BUALBUAL.com - Sago from Manda, tiga kata dalam bahasa Inggris yang diambil dari surat khabar Singapore Chronicle and Commercial Register yang terbit di Singapura. Tulisan Sago from Manda atau Sagu dari Mandah yang tertera pada surat kabar yang terbit mingguan ini memberikan informasi tentang kedatangan perahu dagang (native craft) dari negeri  Mandah yang membawa sagu mentah (raw sago) ke Bandar Singapura.  Kedatangan sagu dari Mandah dan daerah lainnya menjadi catatan barang impor yang penting untuk pasokan bahan baku bagi industri pangan di Singapura.  Sagu mentah tersebut akan diolah kembali menjadi tepung sagu murni (kering) atau aneka produk makanan berbahan baku tepung sagu. Hasil olahan tersebut diekspor kembali ke mancanegara bahkan balik kembali ke Mandah dengan kemasan sebagai produk “Made in Singapore”. 

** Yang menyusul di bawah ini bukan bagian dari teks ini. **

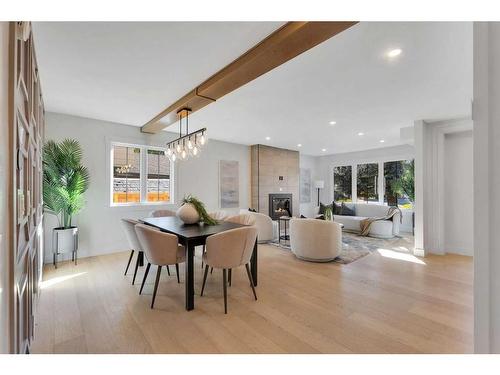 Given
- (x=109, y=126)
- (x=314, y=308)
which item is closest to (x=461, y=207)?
(x=314, y=308)

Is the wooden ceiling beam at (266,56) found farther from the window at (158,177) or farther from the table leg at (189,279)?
the window at (158,177)

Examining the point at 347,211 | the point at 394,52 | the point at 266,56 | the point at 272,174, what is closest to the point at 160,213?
the point at 266,56

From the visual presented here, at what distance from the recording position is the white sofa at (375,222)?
17.4 ft

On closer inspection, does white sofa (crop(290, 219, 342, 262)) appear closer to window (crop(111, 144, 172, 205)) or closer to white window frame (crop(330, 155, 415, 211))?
window (crop(111, 144, 172, 205))

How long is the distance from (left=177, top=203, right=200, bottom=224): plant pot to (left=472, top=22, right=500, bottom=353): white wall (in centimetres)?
255

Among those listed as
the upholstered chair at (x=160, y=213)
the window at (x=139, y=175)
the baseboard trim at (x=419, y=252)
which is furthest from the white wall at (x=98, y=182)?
the baseboard trim at (x=419, y=252)

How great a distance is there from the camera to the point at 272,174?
6.55 metres

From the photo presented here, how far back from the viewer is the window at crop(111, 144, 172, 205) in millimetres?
4309

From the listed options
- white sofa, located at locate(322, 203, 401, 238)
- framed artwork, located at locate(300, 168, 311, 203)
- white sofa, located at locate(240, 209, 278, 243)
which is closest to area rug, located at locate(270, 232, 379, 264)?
white sofa, located at locate(240, 209, 278, 243)

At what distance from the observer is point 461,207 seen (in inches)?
158

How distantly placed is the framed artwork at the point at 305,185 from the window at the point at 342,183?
0.89 metres

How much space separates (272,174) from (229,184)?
4.60 feet
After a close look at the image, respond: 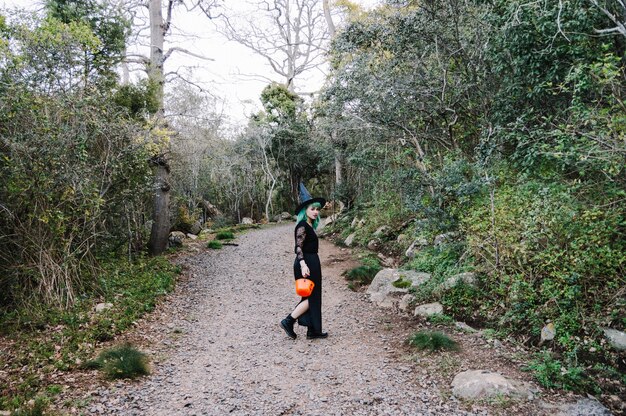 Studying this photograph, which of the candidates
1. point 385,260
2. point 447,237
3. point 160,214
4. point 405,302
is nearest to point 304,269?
point 405,302

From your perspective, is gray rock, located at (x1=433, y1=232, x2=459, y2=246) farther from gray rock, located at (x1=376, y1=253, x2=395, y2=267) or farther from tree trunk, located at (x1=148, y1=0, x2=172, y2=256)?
tree trunk, located at (x1=148, y1=0, x2=172, y2=256)

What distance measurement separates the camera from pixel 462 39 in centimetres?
784

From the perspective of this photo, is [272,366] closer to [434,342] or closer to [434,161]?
[434,342]

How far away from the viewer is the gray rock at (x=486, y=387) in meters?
3.62

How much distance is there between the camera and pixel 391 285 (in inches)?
276

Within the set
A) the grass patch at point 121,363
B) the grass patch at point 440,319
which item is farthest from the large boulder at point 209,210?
the grass patch at point 440,319

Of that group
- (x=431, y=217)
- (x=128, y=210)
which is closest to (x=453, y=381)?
(x=431, y=217)

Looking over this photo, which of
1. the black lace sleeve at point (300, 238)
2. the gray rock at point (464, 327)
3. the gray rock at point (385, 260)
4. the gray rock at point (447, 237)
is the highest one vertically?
the black lace sleeve at point (300, 238)

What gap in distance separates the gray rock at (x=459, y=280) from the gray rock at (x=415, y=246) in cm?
221

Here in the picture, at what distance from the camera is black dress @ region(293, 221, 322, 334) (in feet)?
16.7

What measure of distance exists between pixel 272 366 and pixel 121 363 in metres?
1.72

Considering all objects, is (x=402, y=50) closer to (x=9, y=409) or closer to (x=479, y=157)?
(x=479, y=157)

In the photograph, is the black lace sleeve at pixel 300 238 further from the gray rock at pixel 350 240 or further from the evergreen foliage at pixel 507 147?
the gray rock at pixel 350 240

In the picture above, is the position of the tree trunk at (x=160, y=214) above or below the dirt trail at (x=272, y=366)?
above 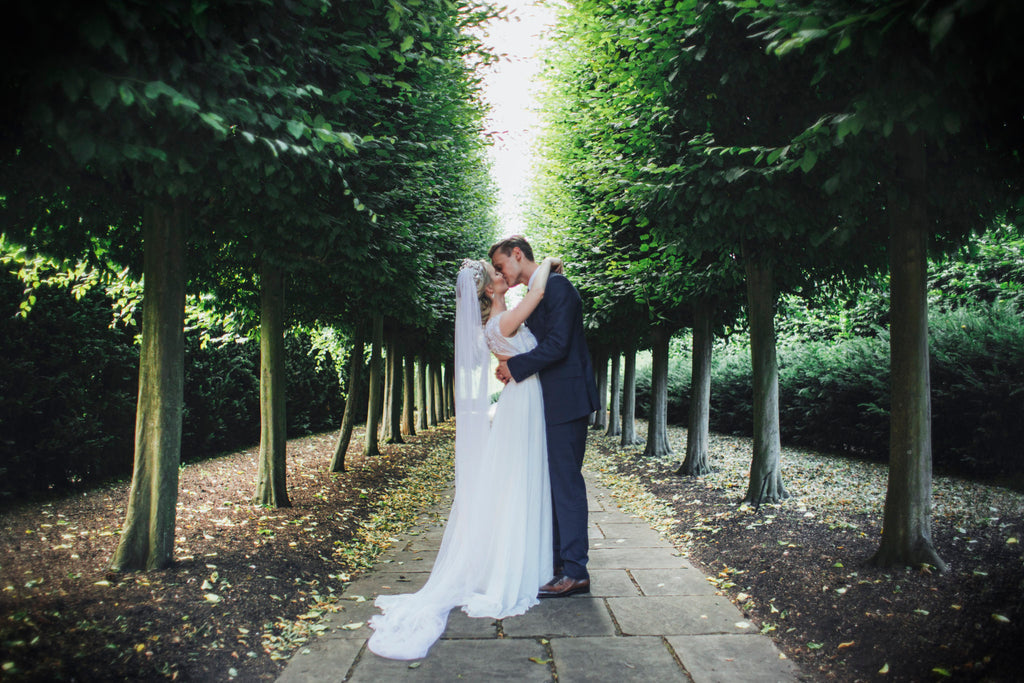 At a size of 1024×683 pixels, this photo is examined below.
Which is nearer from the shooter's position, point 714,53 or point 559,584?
point 559,584

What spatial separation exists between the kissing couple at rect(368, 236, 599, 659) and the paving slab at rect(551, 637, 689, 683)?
2.41ft

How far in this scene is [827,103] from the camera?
16.3 ft

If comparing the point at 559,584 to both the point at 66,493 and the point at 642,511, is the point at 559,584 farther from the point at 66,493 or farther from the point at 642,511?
the point at 66,493

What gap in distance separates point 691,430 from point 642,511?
247 cm

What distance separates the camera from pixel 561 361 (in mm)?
4902

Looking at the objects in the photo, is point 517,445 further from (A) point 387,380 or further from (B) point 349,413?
(A) point 387,380

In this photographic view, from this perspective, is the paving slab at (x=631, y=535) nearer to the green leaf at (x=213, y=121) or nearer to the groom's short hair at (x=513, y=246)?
the groom's short hair at (x=513, y=246)

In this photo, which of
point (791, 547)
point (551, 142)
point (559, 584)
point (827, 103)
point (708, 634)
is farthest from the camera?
point (551, 142)

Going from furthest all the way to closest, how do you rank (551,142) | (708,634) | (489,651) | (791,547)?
(551,142)
(791,547)
(708,634)
(489,651)

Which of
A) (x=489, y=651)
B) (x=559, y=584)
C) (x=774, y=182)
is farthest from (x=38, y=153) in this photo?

Surat khabar Singapore Chronicle and Commercial Register telah pula memuat artikel panjang yang diterbitkan bersambung berjudul SAGO. Artikel pertama yang terbit pada  tanggal 15 Februari 1827 mengisahkan negeri-negeri penghasil sagu di pantai Timur Sumatra dan Kepulauan Riau Lingga. Daerah Sungai Mandah, Kateman, Igal, Pelanduk dan Anak Serka dinyatakan sebagai daerah penghasil sagu yang memiliki kualitas yang bagus dan sangat dekat jaraknya dengan Singapura. Bandar Singapura sangat memerlukan sagu dari Mandah bagi kebutuhan industri pengolahan sagunya yang pada awal abad ke-19 telah berkembang dengan pesat. Permintaan sagu yang tinggi dengan harga pembelian yang bagus berangsur-angsur mengalahkan bandar Malaka sebagai pusat perniagaan sagu di kawasan ini.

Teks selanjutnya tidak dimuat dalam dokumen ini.